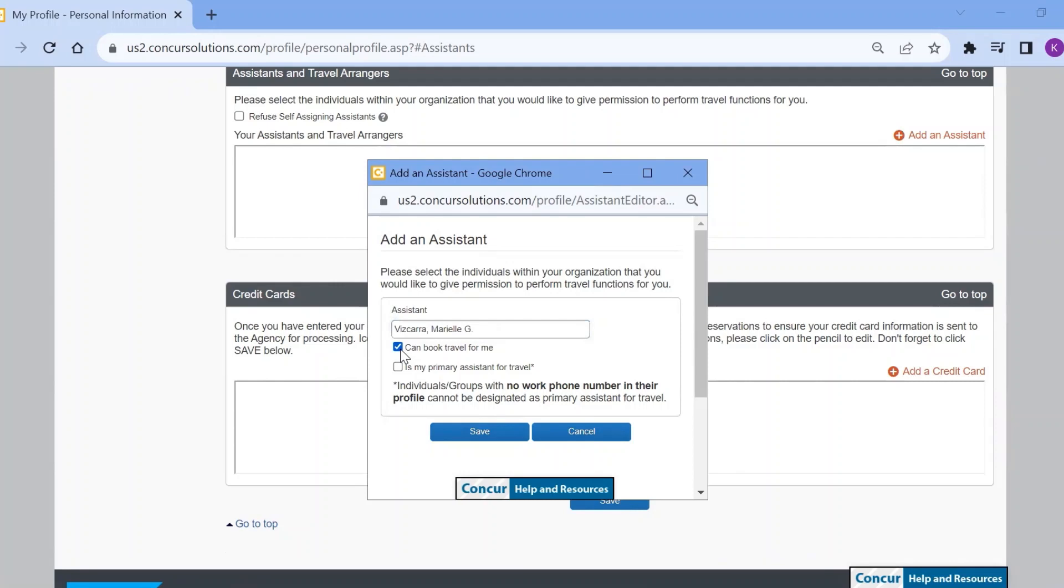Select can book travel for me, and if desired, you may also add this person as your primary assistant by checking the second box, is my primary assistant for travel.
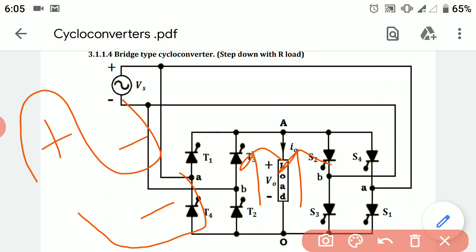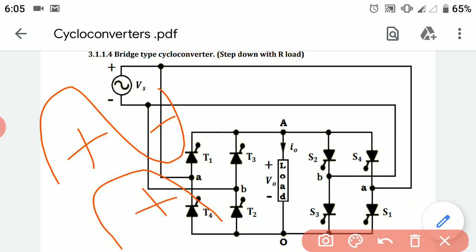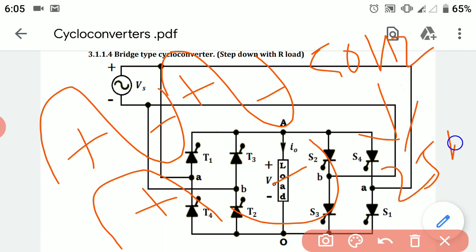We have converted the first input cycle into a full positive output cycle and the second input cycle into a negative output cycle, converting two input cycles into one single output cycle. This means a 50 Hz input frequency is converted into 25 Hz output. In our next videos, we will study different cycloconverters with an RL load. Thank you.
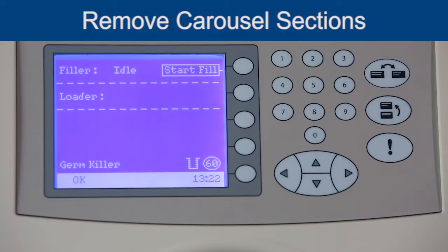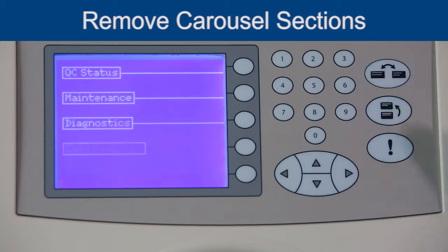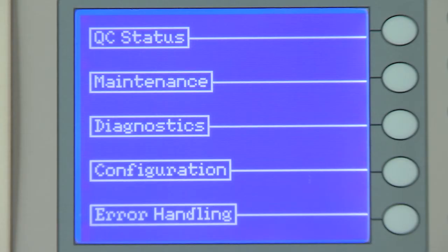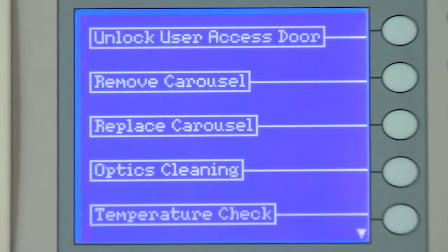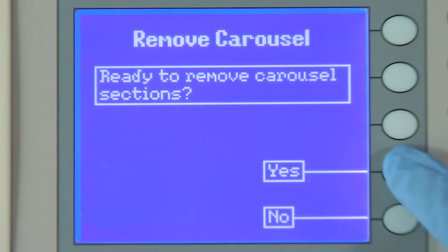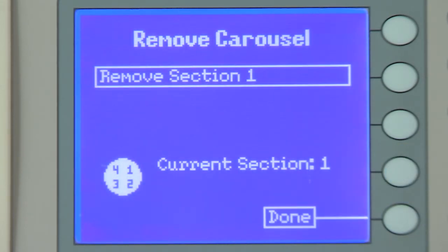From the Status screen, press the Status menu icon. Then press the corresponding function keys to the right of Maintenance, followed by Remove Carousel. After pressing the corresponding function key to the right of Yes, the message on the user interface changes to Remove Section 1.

INSTRUCTIONS FOR THE TASK:
Only the lines from the first line of the data above through the line with "We have converted" should appear in the answer, retyped exactly, with every picture left out.

SOLUTION FOR THIS TASK:
Select can book travel for me, and if desired, you may also add this person as your primary assistant by checking the second box, is my primary assistant for travel.
We have converted the first input cycle into a full positive output cycle and the second input cycle into a negative output cycle, converting two input cycles into one single output cycle. This means a 50 Hz input frequency is converted into 25 Hz output. In our next videos, we will study different cycloconverters with an RL load. Thank you.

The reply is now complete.